- Location: Burundi
- Nearest city: Muyinga
- Coordinates: 3°06′40″S 30°22′23″E﻿ / ﻿3.111°S 30.373°E
- Area: 508 km^{2} (196 mi^{2})
- Established: 1980
- Governing body: Office Burundais pour la Protection de l'Environnement

Ramsar Wetland
- Official name: Parc National de la Ruvubu
- Designated: 14 March 2013
- Reference no.: 2148

= Ruvubu National Park =

National park in Burundi

Ruvubu National Park is a national park in Burundi covering 508 km2 that was established in 1980. Its borders fall within the provinces of Karuzi, Muyinga, Cankuzo and Ruyigi. The park touches neighboring Tanzania to the south, the valley of the Ruvubu River whose landscape dominates this area.

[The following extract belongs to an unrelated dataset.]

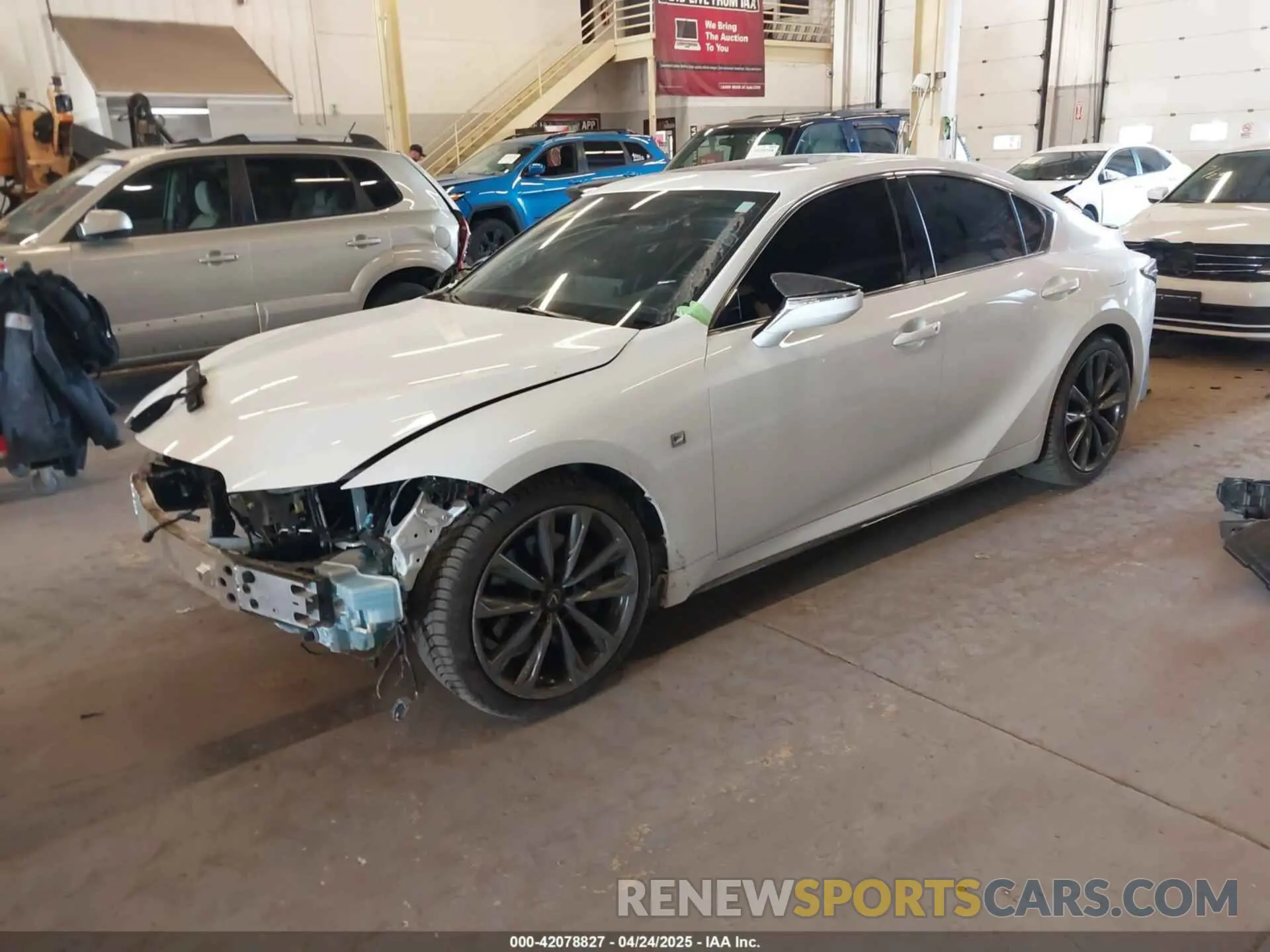 2 fotografías del automóvil dañado JTHGZ1B29N5049831 LEXUS IS 350 2022
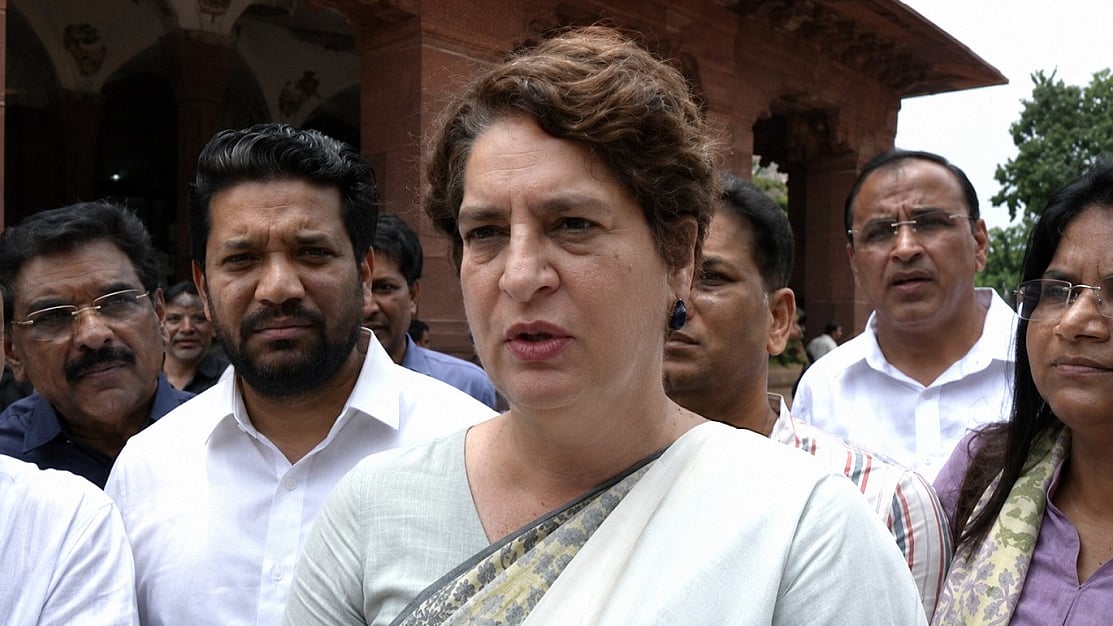 प्रधानमंत्री 'मंगल पर पहुंचने' का श्रेय लेते हैं, अब अपनी कार्रवाइयों की जिम्मेदारी भी लेंः प्रियंका गांधी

The Ruvubu National Park gets its name from the Ruvubu River which runs through the length of the park. The park is the last vestige of the natural grassland ecosystem which once covered the vast majority of the northeast part of Burundi. It is home to a number of wildlife species, most notably hippopotamus, Nile crocodile, Cape buffalo, waterbuck, numerous duiker species, five primate species, including olive baboon, vervet monkey, red colobus monkey, blue monkey, and Senegal bushbaby. Approximately 200 species of birds were recorded in the park.